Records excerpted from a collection
======

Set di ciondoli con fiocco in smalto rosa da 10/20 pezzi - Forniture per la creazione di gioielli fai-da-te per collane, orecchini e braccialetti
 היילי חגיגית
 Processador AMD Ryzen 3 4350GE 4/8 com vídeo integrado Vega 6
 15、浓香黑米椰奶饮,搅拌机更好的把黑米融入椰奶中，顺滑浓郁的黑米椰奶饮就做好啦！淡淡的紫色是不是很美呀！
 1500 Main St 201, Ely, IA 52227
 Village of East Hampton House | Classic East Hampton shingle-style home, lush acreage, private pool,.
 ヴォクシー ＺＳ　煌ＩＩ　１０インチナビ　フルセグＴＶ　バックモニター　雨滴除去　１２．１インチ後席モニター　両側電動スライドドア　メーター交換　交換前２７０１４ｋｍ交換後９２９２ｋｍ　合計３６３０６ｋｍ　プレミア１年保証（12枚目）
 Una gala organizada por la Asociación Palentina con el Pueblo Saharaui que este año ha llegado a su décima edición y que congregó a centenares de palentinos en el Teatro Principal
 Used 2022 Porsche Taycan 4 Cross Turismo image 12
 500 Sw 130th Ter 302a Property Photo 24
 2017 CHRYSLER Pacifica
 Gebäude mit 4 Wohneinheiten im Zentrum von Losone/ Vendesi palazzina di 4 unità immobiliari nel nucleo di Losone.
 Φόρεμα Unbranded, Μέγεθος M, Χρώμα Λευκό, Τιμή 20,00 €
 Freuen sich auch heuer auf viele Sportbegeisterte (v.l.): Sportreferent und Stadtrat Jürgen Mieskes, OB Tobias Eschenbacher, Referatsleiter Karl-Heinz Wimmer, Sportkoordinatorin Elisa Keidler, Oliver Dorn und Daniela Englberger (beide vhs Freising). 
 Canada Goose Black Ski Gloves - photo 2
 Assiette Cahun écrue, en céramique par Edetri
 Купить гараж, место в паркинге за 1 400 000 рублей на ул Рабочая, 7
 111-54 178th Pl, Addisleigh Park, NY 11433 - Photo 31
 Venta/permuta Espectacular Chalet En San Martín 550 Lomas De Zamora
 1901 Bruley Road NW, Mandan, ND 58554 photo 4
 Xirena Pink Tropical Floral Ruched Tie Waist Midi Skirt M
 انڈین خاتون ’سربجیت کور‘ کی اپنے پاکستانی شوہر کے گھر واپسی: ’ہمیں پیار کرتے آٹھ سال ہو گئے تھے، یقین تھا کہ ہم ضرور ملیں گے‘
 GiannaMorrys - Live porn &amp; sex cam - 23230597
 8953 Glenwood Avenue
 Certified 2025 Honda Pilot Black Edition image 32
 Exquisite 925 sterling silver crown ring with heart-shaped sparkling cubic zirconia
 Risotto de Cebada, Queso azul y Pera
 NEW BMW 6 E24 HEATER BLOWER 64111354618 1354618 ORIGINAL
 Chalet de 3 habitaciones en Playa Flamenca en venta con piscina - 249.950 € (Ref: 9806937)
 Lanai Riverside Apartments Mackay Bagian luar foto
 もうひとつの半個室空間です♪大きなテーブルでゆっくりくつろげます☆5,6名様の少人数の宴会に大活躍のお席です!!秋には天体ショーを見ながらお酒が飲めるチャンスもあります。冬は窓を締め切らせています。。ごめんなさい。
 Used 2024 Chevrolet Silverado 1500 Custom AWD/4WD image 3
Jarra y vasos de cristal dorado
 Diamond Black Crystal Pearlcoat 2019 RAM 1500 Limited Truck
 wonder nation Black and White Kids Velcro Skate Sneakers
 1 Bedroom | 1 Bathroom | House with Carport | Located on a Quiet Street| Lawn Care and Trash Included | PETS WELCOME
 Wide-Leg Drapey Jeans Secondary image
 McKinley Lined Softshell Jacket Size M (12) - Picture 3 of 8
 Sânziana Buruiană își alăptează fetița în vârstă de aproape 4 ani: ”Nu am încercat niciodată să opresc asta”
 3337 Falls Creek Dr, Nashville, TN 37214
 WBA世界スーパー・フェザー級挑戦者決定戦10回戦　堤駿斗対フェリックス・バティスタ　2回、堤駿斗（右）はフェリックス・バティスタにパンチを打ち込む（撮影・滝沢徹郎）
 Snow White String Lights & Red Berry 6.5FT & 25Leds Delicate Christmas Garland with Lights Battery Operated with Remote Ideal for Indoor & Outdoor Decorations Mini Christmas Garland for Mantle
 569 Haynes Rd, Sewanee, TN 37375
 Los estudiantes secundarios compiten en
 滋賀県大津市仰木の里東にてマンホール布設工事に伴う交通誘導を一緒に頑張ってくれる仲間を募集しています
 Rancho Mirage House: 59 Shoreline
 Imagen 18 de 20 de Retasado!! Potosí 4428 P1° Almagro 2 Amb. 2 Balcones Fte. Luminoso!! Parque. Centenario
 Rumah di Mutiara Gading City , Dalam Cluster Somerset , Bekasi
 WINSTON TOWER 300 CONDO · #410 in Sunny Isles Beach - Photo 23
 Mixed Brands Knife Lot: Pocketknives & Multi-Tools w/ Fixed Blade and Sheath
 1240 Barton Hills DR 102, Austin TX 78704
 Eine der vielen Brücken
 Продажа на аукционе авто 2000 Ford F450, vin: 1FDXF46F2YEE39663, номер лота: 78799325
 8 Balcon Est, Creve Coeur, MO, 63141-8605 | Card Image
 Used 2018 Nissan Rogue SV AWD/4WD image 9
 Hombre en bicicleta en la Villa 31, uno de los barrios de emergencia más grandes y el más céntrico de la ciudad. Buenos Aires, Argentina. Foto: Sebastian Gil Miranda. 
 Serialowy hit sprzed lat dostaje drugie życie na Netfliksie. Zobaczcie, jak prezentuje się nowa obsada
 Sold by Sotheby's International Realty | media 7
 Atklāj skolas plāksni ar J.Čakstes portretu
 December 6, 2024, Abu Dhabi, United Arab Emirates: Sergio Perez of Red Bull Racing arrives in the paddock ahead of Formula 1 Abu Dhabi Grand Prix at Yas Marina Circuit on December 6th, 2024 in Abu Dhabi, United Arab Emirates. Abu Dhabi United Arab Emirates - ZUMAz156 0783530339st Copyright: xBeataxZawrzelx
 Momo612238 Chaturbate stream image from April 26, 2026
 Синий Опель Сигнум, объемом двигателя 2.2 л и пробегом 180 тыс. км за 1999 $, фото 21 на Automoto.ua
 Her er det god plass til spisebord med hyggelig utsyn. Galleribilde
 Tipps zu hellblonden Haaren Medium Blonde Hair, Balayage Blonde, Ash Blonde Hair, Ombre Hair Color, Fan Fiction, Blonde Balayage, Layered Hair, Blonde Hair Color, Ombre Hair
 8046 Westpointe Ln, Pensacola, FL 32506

======

● **What this task involves**
Beginning at the line above with "1500 Main St 201, Ely, IA 52227" and finishing at the line with "Xirena Pink Tropical", return each line exactly and return nothing else.

● **Solution to the problem**
 1500 Main St 201, Ely, IA 52227
 Village of East Hampton House | Classic East Hampton shingle-style home, lush acreage, private pool,.
 ヴォクシー ＺＳ　煌ＩＩ　１０インチナビ　フルセグＴＶ　バックモニター　雨滴除去　１２．１インチ後席モニター　両側電動スライドドア　メーター交換　交換前２７０１４ｋｍ交換後９２９２ｋｍ　合計３６３０６ｋｍ　プレミア１年保証（12枚目）
 Una gala organizada por la Asociación Palentina con el Pueblo Saharaui que este año ha llegado a su décima edición y que congregó a centenares de palentinos en el Teatro Principal
 Used 2022 Porsche Taycan 4 Cross Turismo image 12
 500 Sw 130th Ter 302a Property Photo 24
 2017 CHRYSLER Pacifica
 Gebäude mit 4 Wohneinheiten im Zentrum von Losone/ Vendesi palazzina di 4 unità immobiliari nel nucleo di Losone.
 Φόρεμα Unbranded, Μέγεθος M, Χρώμα Λευκό, Τιμή 20,00 €
 Freuen sich auch heuer auf viele Sportbegeisterte (v.l.): Sportreferent und Stadtrat Jürgen Mieskes, OB Tobias Eschenbacher, Referatsleiter Karl-Heinz Wimmer, Sportkoordinatorin Elisa Keidler, Oliver Dorn und Daniela Englberger (beide vhs Freising). 
 Canada Goose Black Ski Gloves - photo 2
 Assiette Cahun écrue, en céramique par Edetri
 Купить гараж, место в паркинге за 1 400 000 рублей на ул Рабочая, 7
 111-54 178th Pl, Addisleigh Park, NY 11433 - Photo 31
 Venta/permuta Espectacular Chalet En San Martín 550 Lomas De Zamora
 1901 Bruley Road NW, Mandan, ND 58554 photo 4
 Xirena Pink Tropical Floral Ruched Tie Waist Midi Skirt M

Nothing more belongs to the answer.